=== WHAT YOU ARE ASKED TO DO ===
Everything from the first line of the records below through the line containing "Превью фото № 208660" is to be retyped exactly; leave out the rest.

*** Opening of TASK MATERIAL ***

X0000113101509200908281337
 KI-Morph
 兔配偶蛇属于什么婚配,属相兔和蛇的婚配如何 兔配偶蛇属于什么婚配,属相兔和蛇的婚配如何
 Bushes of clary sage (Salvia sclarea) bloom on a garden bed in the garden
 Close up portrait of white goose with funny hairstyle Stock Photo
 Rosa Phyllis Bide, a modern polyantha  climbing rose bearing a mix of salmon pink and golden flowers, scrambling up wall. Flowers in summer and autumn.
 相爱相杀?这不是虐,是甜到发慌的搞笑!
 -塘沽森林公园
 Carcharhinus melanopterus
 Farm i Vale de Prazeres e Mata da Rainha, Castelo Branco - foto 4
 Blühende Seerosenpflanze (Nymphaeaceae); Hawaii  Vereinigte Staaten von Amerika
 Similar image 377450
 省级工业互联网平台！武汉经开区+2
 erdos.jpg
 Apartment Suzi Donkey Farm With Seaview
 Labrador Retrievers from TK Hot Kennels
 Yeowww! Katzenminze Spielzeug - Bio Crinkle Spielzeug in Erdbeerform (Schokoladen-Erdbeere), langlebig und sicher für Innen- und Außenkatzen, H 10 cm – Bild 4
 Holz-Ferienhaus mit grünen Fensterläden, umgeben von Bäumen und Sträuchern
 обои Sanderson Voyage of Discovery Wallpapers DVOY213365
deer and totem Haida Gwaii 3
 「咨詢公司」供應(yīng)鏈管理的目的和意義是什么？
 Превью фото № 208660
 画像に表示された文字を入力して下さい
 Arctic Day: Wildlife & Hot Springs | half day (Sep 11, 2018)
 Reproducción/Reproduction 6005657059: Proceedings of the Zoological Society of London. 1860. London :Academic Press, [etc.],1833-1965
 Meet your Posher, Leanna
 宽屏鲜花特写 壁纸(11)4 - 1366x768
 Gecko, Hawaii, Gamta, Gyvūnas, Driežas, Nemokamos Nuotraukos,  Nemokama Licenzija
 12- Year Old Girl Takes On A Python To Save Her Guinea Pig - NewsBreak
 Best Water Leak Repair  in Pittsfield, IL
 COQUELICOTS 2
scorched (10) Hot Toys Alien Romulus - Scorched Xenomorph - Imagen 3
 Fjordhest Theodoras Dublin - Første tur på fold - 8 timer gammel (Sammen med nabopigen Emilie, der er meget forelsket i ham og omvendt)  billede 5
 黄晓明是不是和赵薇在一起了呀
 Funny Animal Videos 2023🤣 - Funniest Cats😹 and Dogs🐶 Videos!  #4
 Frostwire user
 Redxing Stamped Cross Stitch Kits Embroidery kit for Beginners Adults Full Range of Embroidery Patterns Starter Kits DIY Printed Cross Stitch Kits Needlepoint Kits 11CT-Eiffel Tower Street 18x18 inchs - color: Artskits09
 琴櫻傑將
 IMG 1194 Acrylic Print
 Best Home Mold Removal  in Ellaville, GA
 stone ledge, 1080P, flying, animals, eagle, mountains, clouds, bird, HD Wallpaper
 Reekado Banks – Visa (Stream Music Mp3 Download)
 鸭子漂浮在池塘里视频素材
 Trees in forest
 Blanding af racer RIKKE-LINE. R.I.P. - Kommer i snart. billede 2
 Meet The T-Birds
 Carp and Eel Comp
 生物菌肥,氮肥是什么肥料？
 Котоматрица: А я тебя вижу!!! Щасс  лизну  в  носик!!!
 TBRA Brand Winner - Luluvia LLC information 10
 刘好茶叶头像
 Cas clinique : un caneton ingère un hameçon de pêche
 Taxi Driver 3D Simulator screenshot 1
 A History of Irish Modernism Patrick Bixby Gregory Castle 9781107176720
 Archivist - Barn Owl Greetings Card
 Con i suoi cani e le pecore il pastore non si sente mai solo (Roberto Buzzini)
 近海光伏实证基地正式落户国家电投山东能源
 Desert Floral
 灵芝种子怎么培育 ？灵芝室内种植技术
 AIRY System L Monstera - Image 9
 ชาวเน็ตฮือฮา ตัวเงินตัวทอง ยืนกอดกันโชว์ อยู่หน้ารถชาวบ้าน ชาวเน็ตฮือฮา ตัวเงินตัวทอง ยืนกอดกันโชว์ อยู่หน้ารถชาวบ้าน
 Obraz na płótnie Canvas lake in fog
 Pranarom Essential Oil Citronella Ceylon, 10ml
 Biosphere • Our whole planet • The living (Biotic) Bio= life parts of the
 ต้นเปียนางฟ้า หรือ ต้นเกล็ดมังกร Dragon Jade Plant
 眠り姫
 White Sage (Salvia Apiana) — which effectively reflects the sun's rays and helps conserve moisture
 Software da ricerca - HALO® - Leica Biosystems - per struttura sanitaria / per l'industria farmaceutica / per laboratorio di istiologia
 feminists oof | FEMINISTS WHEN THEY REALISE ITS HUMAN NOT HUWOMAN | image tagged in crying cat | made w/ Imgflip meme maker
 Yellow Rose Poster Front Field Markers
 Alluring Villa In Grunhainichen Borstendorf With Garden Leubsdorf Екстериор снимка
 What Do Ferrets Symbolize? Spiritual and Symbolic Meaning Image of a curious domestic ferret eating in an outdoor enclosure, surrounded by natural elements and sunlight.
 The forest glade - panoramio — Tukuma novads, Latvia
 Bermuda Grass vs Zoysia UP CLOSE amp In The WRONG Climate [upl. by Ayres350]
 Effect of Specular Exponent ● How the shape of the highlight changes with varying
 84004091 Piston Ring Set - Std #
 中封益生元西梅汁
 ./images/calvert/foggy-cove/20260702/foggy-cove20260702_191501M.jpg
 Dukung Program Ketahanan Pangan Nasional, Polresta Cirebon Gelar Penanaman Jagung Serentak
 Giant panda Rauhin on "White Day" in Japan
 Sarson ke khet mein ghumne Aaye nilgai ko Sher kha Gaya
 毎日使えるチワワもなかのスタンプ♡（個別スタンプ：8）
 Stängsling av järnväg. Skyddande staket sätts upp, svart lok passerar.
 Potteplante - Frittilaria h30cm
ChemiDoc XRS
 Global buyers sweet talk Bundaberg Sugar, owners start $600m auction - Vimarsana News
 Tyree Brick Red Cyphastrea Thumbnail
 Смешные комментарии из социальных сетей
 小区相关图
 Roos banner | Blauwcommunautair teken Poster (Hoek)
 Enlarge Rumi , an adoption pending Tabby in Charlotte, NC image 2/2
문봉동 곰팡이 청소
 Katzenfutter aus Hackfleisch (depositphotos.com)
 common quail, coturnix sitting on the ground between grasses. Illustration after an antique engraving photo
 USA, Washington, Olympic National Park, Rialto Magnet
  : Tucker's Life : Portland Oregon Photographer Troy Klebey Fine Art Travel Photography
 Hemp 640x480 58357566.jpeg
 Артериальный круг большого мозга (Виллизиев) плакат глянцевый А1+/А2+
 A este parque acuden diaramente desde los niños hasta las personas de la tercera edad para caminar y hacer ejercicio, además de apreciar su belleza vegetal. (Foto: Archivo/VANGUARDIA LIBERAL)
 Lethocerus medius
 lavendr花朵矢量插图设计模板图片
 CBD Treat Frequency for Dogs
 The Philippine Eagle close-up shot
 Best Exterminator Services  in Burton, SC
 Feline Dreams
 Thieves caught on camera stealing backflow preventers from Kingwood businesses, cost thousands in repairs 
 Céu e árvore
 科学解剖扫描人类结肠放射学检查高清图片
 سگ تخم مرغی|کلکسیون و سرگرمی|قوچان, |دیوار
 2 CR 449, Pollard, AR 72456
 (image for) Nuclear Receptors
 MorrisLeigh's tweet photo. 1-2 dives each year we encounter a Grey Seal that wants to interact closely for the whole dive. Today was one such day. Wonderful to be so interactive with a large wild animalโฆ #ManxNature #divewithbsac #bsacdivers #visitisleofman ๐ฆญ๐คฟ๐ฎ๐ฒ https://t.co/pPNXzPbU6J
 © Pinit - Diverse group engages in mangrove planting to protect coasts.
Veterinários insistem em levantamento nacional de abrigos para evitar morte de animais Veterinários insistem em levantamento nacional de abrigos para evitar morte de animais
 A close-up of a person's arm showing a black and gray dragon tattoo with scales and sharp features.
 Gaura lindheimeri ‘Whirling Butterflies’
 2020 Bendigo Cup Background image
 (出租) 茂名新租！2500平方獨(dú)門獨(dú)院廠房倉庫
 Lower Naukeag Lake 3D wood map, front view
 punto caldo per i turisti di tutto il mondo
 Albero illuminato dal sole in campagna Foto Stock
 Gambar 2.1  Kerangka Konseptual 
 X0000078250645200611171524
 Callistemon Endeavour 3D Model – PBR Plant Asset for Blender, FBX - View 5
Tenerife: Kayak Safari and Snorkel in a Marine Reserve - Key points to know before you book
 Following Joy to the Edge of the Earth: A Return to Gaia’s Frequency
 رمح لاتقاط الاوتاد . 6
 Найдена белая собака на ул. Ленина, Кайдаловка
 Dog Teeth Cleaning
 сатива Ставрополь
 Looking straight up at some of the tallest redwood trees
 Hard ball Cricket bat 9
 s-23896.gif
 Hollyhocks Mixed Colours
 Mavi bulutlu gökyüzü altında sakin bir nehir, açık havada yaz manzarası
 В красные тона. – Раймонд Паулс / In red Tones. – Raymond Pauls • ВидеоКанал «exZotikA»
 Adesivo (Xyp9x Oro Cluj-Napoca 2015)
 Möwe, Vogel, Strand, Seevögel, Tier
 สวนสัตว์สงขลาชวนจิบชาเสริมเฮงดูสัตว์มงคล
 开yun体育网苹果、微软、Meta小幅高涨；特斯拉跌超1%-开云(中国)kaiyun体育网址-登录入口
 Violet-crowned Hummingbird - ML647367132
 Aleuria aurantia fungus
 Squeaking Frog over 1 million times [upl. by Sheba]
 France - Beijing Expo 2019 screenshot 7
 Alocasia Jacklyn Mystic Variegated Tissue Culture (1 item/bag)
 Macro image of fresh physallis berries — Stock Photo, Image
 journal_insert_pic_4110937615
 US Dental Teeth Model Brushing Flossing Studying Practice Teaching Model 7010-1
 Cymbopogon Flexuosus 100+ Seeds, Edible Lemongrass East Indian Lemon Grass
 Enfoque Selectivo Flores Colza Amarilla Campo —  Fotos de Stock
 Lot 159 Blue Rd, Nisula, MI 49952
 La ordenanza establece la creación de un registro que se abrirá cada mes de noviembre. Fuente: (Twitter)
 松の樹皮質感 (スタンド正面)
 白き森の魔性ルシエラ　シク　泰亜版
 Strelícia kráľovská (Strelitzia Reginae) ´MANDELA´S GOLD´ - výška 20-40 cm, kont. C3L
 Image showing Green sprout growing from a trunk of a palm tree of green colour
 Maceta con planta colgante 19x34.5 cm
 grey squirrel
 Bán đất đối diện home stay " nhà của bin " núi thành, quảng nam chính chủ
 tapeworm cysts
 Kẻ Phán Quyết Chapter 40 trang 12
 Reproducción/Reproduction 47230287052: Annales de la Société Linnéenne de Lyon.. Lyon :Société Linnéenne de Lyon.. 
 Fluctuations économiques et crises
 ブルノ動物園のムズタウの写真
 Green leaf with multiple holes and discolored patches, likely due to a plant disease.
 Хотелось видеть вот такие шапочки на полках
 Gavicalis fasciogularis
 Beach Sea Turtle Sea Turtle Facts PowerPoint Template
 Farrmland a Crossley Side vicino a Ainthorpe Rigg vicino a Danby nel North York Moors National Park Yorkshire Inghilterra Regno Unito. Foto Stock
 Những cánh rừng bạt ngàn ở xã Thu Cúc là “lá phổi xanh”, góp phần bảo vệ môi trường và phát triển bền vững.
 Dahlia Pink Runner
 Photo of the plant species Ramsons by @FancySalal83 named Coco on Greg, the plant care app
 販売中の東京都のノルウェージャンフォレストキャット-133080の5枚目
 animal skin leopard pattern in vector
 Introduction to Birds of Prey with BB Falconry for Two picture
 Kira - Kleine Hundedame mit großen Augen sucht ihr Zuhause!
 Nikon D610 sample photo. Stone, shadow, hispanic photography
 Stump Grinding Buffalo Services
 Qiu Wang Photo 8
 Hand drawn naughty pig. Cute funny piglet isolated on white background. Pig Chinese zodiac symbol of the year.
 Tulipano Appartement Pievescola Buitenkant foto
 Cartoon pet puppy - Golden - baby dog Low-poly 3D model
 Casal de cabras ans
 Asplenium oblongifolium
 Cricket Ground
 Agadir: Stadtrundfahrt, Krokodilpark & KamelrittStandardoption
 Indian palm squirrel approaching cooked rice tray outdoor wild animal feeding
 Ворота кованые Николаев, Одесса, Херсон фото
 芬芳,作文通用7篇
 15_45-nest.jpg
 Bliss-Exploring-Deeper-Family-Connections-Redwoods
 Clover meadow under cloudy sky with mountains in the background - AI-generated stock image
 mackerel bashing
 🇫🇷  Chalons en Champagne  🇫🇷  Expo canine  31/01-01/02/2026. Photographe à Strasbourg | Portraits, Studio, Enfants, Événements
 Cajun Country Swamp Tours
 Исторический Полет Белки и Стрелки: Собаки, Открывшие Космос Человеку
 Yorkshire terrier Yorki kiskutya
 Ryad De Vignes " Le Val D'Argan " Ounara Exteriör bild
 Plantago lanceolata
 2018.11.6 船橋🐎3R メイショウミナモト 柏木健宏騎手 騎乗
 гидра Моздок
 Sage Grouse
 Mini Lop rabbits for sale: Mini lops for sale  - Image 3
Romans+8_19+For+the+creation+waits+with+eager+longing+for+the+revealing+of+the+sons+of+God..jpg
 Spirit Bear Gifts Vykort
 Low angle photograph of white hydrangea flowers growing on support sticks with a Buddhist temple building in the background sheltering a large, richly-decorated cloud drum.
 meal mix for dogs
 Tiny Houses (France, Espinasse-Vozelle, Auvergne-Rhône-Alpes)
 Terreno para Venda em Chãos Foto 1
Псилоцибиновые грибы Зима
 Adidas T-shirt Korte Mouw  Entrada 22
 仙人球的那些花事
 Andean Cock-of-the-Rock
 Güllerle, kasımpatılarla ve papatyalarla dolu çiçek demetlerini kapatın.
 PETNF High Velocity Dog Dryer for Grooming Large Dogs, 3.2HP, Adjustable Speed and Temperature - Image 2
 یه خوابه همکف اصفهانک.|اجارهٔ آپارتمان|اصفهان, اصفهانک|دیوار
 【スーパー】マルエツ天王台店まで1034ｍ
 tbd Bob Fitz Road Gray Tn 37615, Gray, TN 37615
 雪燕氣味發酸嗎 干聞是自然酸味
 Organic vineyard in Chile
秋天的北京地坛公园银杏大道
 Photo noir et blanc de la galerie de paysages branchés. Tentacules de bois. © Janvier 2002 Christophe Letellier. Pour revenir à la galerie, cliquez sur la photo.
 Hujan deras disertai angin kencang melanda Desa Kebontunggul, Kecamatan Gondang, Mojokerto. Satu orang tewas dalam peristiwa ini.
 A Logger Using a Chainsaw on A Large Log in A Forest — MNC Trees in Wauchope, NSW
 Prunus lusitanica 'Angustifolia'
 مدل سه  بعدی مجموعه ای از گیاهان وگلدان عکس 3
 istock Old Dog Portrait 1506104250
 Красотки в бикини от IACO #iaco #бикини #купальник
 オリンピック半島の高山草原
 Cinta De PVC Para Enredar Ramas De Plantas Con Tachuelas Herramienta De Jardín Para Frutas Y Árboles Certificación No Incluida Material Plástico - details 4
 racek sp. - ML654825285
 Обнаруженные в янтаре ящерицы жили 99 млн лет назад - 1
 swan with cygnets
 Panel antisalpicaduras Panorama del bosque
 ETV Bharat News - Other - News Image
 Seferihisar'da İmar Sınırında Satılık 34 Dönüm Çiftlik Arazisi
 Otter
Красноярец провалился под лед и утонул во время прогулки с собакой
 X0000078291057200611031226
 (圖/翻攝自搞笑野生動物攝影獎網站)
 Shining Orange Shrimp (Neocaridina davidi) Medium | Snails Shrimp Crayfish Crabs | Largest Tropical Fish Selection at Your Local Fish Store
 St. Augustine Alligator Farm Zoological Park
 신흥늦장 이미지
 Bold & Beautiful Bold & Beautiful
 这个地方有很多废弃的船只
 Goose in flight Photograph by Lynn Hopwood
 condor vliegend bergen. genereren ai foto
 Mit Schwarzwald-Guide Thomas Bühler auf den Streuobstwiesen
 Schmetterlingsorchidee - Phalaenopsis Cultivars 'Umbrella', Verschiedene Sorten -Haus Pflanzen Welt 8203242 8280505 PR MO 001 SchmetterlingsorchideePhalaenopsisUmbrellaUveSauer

*** Close of TASK MATERIAL ***

=== WRITTEN ANSWER ===
X0000113101509200908281337
 KI-Morph
 兔配偶蛇属于什么婚配,属相兔和蛇的婚配如何 兔配偶蛇属于什么婚配,属相兔和蛇的婚配如何
 Bushes of clary sage (Salvia sclarea) bloom on a garden bed in the garden
 Close up portrait of white goose with funny hairstyle Stock Photo
 Rosa Phyllis Bide, a modern polyantha  climbing rose bearing a mix of salmon pink and golden flowers, scrambling up wall. Flowers in summer and autumn.
 相爱相杀?这不是虐,是甜到发慌的搞笑!
 -塘沽森林公园
 Carcharhinus melanopterus
 Farm i Vale de Prazeres e Mata da Rainha, Castelo Branco - foto 4
 Blühende Seerosenpflanze (Nymphaeaceae); Hawaii  Vereinigte Staaten von Amerika
 Similar image 377450
 省级工业互联网平台！武汉经开区+2
 erdos.jpg
 Apartment Suzi Donkey Farm With Seaview
 Labrador Retrievers from TK Hot Kennels
 Yeowww! Katzenminze Spielzeug - Bio Crinkle Spielzeug in Erdbeerform (Schokoladen-Erdbeere), langlebig und sicher für Innen- und Außenkatzen, H 10 cm – Bild 4
 Holz-Ferienhaus mit grünen Fensterläden, umgeben von Bäumen und Sträuchern
 обои Sanderson Voyage of Discovery Wallpapers DVOY213365
deer and totem Haida Gwaii 3
 「咨詢公司」供應(yīng)鏈管理的目的和意義是什么？
 Превью фото № 208660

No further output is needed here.